Performance impact of DTLB misses

Roman_A_ · ‎01-16-2015

I apologise in advance if I'm posting in a wrong forum.

I'm having an issue (or simply a misunderstanding) with TLB miss measurement.

In order to test our measurement, I'm simply measuring a poorly optimized matrix multiplication of two 1000x1000 matrices with the code below:

/**
* Performs a parallelized matrix multiplication in I, J, K order.
*/
void Parallel_IJK(int n, int** a, int** b, int** c){
   parallel_for (0, n, [&](int i)
   {
      for (int j=0; j<n; j++) {
         int sum = 0;
         for (int k=0; k<n; k++)
            sum += a * b;
            c = sum;
         }
      });
}

I'm measuring it on the following Intel microprocessor: http://ark.intel.com/products/37150/Intel-Core-i7-950-Processor-8M-Cache-3_06-GHz-4_80-GTs-Intel-QPI

In order to measure the counters I'm using Intel Performance Counter Monitor utility, modified for measuring TLB counters. The performance impact itself is measured according to the formula on this page 24 of this Intel presentation: ( https://software.intel.com/sites/default/files/88/fe/core-i7-processor-family-vtune-sw-opt-guide-1.1.pdf ), as: TLB MISSES = ((DTLB_LOAD_MISSES.WALK_COMPLETED * 30) / CPU_CLK_UNHALTED.THREAD).

Here's the issue, the TLB impact on a single core seems to be very closely correlated with L2 misses. My questions are:

Is it normal that TLB misses are correlated with L2 misses (there seems to be roughly the same amount of L2 misses as TLB misses) while there's very low amount of L3 misses?

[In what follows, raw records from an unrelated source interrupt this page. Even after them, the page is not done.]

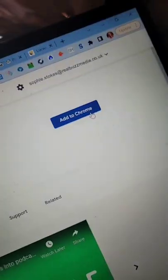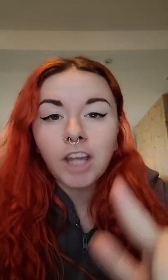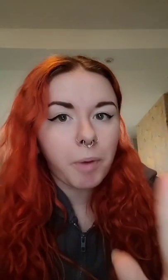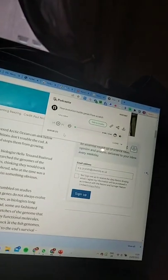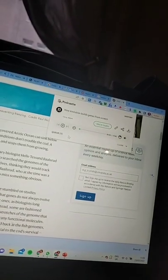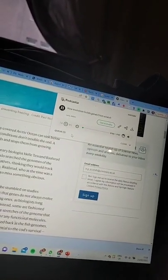Download Podcastle AI as a Chrome extension. It works by turning articles into podcasts so you can listen. Click the Chrome extension and it'll read the article for you.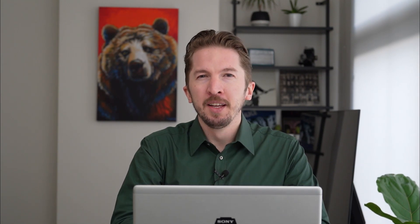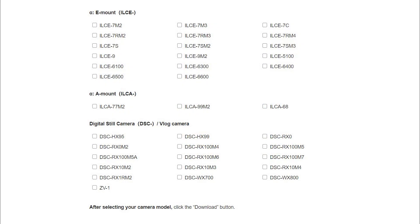So what is Imaging Edge webcam? It's an app that provides high quality video communication using a Sony camera as a webcam. It's currently compatible with over 30 different Sony camera models and requires no external capture card or open broadcast software, so you can get up and running quickly and easily.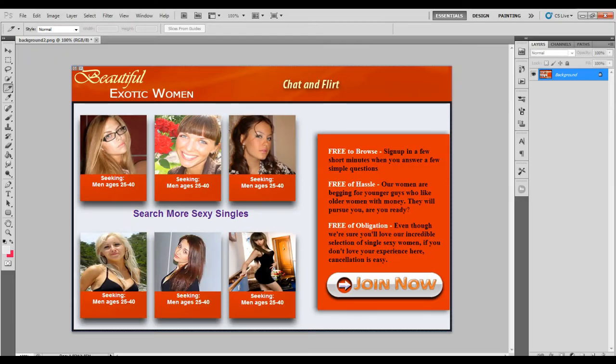Now here we have a screenshot of a lander I created for a dating offer a little while back. Before, I showed you how you can take an image and make numerous hotspots, creating a more interactive landing page. This is a nice and simple way of creating a landing page without having to use those pesky style sheets. However, we can use a similar method, but instead of using Dreamweaver's hotspots, we can use Photoshop's slicing tool.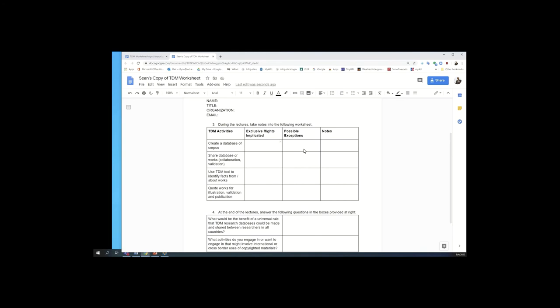So when you hear me talk about exclusive rights that may be implicated in any of these activities, go ahead and just jot it down. And then when we come to possible exceptions, go ahead and jot those down. And then I've left a category for notes. You can put anything you want here. But one of the things that we'll be looking at is which groups of countries you can do lots of these activities in, which we're going to call green countries.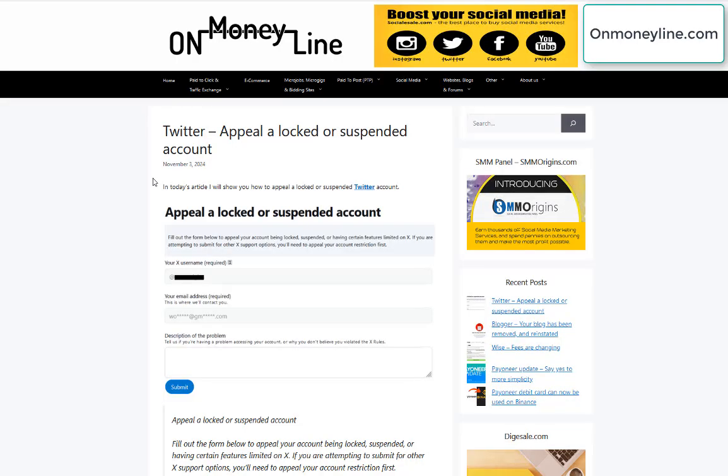Hey guys, so in today's video I'm going to show you how to appeal a locked or suspended Twitter account or X account.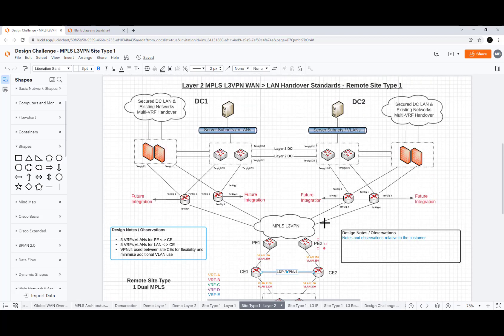That concludes our layer 2 network diagram overview session. I hope you enjoyed it, thanks for your attention and see you next time for the layer 3 video.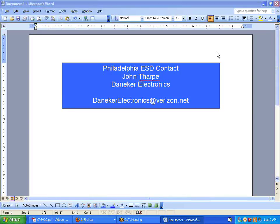Quick notes: this webinar will be recorded and available for download. Please type your questions in the text box and we will answer them at the end. Now I give you Roger McAteer of Wilson Industries.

I'm not an expert in the domain, but to my understanding TLB misses should be correlated with L3 misses and not L2, but the data tells me otherwise.
When I sample on a high rate (=each millisecond), the TLB impact formula often gives me ratio higher than 1, sometimes even 5 (= 500%). Same goes for L2 perf impact. In the documentation it's written that "ratio that is usually between 0 and 1 ; in some cases could be >1.0 due to a lower memory latency estimation", could you elaborate?

Below are some graphs to illustrate my issue, measuring and sampling my matrix multiplication over 100 ms interval. This is just a single core of the system.

TimP · ‎01-16-2015

As tlb is not large enough to cover l3 it may not be surprising that a large fraction of l2 misses are missing tlb. I've had cases myself where l3 became ineffective as number of threads increased even though there did not appear to be significant l3 misses.

I would be concerned about impact of lack of affinity setting as one might hope to improve l2 locality.

i was assuming you have 4k pages and transparent huge pages may not save the day.